The "hyperboloid" in its title is not a geometrical surface but a laser-like device that the main antagonist, engineer Garin, used to fight his enemies and attempt to become a world dictator. "Hyperboloids" of different power capability differ in their effect. The device uses two hyperbolic mirrors to concentrate light rays in a parallel beam. Most "hyperboloids" can destroy military ships on the horizon, and those of less power can only injure people and cut electric cables on walls of rooms.
A translation of the passage describing the device:
The rays of light, falling on the inner surface of the hyperboloidal mirror, converge in a single point, the focus of the hyperbola. This is a known fact. But here is the novelty: in the focus of the hyperboloidal mirror, I place a second hyperbola (shaped, as it were, inside out) -- a hyperboloid of revolution, made from a refractory, ideally polishable mineral -- shamonite -- endless supplies of which are found in the north of Russia. What, then, becomes of the rays?

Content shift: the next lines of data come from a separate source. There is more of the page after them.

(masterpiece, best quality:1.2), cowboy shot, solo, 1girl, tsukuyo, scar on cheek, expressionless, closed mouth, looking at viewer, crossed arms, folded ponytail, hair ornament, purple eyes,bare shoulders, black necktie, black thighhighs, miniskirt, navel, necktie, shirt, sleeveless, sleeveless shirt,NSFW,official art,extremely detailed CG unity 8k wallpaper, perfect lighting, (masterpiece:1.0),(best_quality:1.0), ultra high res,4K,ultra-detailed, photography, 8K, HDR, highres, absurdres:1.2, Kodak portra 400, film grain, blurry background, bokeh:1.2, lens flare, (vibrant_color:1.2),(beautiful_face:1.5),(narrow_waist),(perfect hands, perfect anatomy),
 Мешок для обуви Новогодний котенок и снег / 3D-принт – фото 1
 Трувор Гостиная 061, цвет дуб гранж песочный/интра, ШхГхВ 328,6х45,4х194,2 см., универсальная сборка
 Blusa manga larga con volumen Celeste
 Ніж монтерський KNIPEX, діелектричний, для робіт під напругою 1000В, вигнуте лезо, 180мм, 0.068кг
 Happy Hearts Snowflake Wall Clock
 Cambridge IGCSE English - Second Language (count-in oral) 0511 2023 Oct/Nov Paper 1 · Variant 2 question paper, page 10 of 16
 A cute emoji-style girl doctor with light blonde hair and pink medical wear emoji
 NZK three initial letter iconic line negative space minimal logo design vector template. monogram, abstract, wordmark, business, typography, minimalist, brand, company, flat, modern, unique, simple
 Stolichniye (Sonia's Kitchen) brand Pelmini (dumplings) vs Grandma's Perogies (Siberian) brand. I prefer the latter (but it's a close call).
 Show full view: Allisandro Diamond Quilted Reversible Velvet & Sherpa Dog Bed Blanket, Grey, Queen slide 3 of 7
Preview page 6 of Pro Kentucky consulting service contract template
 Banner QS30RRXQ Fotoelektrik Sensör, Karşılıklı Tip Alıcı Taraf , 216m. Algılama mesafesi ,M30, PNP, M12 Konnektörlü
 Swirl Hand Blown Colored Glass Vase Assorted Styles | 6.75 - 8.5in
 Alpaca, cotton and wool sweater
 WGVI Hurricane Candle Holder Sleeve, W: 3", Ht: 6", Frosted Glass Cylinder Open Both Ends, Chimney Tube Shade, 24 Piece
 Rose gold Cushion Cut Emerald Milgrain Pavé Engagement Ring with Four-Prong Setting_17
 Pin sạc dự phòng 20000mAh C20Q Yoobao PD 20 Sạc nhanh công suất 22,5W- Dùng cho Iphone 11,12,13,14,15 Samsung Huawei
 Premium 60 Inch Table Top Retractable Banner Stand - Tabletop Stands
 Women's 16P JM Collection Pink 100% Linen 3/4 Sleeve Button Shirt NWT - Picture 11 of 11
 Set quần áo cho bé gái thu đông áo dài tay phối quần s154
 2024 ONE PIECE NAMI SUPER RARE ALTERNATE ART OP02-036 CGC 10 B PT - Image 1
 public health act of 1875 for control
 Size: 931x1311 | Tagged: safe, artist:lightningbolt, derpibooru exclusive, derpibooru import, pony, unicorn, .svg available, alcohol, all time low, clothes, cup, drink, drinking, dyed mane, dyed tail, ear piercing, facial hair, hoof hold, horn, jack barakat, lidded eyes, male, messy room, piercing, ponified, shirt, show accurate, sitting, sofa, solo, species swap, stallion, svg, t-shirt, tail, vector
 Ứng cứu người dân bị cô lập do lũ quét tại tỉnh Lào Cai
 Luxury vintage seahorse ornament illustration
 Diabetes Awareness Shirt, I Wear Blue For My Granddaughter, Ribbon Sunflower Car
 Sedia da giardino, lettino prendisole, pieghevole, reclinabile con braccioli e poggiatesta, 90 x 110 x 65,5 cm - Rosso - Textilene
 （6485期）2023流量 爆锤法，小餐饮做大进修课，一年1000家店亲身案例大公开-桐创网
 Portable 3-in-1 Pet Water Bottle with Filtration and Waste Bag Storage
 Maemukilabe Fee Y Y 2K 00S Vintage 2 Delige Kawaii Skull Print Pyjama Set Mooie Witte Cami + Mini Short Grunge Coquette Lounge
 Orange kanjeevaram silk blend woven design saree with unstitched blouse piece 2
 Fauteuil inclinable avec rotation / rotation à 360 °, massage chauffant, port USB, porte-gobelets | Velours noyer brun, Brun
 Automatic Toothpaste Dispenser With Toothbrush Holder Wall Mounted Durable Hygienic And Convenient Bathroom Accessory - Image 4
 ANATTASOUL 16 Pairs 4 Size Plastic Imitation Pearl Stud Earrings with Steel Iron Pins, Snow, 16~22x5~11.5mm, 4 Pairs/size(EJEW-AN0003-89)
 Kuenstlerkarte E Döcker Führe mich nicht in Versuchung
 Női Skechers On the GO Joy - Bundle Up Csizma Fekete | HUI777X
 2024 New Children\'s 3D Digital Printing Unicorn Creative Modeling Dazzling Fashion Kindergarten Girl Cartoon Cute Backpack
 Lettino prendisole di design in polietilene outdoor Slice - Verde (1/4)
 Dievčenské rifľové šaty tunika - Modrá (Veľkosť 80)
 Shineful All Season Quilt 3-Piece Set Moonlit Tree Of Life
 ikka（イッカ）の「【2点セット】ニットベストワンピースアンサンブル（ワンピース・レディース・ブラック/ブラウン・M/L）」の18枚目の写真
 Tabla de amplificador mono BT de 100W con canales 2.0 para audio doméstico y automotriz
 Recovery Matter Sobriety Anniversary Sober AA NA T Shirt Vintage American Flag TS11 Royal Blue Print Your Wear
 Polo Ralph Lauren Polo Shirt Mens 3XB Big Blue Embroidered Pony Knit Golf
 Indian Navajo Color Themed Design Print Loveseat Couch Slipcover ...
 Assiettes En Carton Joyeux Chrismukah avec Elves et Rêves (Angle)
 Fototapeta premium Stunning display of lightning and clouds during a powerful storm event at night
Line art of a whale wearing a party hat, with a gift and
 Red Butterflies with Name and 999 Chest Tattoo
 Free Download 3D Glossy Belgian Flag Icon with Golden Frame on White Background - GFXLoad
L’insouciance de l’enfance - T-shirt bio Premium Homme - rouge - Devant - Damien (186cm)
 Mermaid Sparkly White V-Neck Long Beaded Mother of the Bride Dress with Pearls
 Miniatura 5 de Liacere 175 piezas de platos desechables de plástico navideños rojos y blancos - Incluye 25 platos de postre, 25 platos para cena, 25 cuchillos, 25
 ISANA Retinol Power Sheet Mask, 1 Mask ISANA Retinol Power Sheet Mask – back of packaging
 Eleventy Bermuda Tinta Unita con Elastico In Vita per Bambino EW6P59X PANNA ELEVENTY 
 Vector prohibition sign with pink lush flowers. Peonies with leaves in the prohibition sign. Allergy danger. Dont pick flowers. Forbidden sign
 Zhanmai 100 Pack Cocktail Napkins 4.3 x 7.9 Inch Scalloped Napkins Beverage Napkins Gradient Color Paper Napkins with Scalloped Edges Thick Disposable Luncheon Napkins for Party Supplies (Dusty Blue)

The rays, converging in the focus of mirror (A), fall on the surface of hyperboloid (B) and reflect from it in a mathematically parallel fashion -- in other words, the hyperboloid (B) concentrates all the rays into one beam, a "filament of light" of any thickness desired.
The usage "hyperboloids" is a mathematical blunder: it is the paraboloid that collects parallel rays into its focal point, a property exploited in parabolic reflectors.
The film adaptations of the novel were released in the Soviet Union in 1965 and 1973.